*** Opening DATA PROVIDED ***

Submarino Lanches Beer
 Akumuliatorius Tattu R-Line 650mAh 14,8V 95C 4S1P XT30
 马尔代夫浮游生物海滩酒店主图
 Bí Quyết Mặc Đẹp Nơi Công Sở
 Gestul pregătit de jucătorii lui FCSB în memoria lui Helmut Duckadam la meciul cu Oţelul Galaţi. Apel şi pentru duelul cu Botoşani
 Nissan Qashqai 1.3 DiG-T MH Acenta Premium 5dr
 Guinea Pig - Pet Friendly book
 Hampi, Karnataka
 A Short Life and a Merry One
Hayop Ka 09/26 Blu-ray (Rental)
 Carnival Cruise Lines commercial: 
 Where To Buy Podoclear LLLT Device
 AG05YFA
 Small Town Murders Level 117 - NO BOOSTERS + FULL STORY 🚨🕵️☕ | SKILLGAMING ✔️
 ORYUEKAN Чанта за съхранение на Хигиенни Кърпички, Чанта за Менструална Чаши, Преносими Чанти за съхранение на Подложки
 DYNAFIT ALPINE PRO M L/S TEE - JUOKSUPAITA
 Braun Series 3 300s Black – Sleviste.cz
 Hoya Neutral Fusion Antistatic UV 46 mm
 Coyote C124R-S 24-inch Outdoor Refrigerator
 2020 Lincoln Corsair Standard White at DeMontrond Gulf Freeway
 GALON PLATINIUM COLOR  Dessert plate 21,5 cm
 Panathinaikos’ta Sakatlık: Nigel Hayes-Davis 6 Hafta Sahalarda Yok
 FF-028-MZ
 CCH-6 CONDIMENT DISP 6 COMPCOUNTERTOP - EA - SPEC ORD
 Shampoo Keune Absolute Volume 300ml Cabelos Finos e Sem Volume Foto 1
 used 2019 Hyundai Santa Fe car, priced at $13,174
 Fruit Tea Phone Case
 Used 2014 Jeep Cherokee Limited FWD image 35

*** Closing DATA PROVIDED ***

• **ASSIGNMENT**: Each record should be transcribed exactly as it was written.

• **EXERCISE OUTPUT**:
Submarino Lanches Beer
 Akumuliatorius Tattu R-Line 650mAh 14,8V 95C 4S1P XT30
 马尔代夫浮游生物海滩酒店主图
 Bí Quyết Mặc Đẹp Nơi Công Sở
 Gestul pregătit de jucătorii lui FCSB în memoria lui Helmut Duckadam la meciul cu Oţelul Galaţi. Apel şi pentru duelul cu Botoşani
 Nissan Qashqai 1.3 DiG-T MH Acenta Premium 5dr
 Guinea Pig - Pet Friendly book
 Hampi, Karnataka
 A Short Life and a Merry One
Hayop Ka 09/26 Blu-ray (Rental)
 Carnival Cruise Lines commercial: 
 Where To Buy Podoclear LLLT Device
 AG05YFA
 Small Town Murders Level 117 - NO BOOSTERS + FULL STORY 🚨🕵️☕ | SKILLGAMING ✔️
 ORYUEKAN Чанта за съхранение на Хигиенни Кърпички, Чанта за Менструална Чаши, Преносими Чанти за съхранение на Подложки
 DYNAFIT ALPINE PRO M L/S TEE - JUOKSUPAITA
 Braun Series 3 300s Black – Sleviste.cz
 Hoya Neutral Fusion Antistatic UV 46 mm
 Coyote C124R-S 24-inch Outdoor Refrigerator
 2020 Lincoln Corsair Standard White at DeMontrond Gulf Freeway
 GALON PLATINIUM COLOR  Dessert plate 21,5 cm
 Panathinaikos’ta Sakatlık: Nigel Hayes-Davis 6 Hafta Sahalarda Yok
 FF-028-MZ
 CCH-6 CONDIMENT DISP 6 COMPCOUNTERTOP - EA - SPEC ORD
 Shampoo Keune Absolute Volume 300ml Cabelos Finos e Sem Volume Foto 1
 used 2019 Hyundai Santa Fe car, priced at $13,174
 Fruit Tea Phone Case
 Used 2014 Jeep Cherokee Limited FWD image 35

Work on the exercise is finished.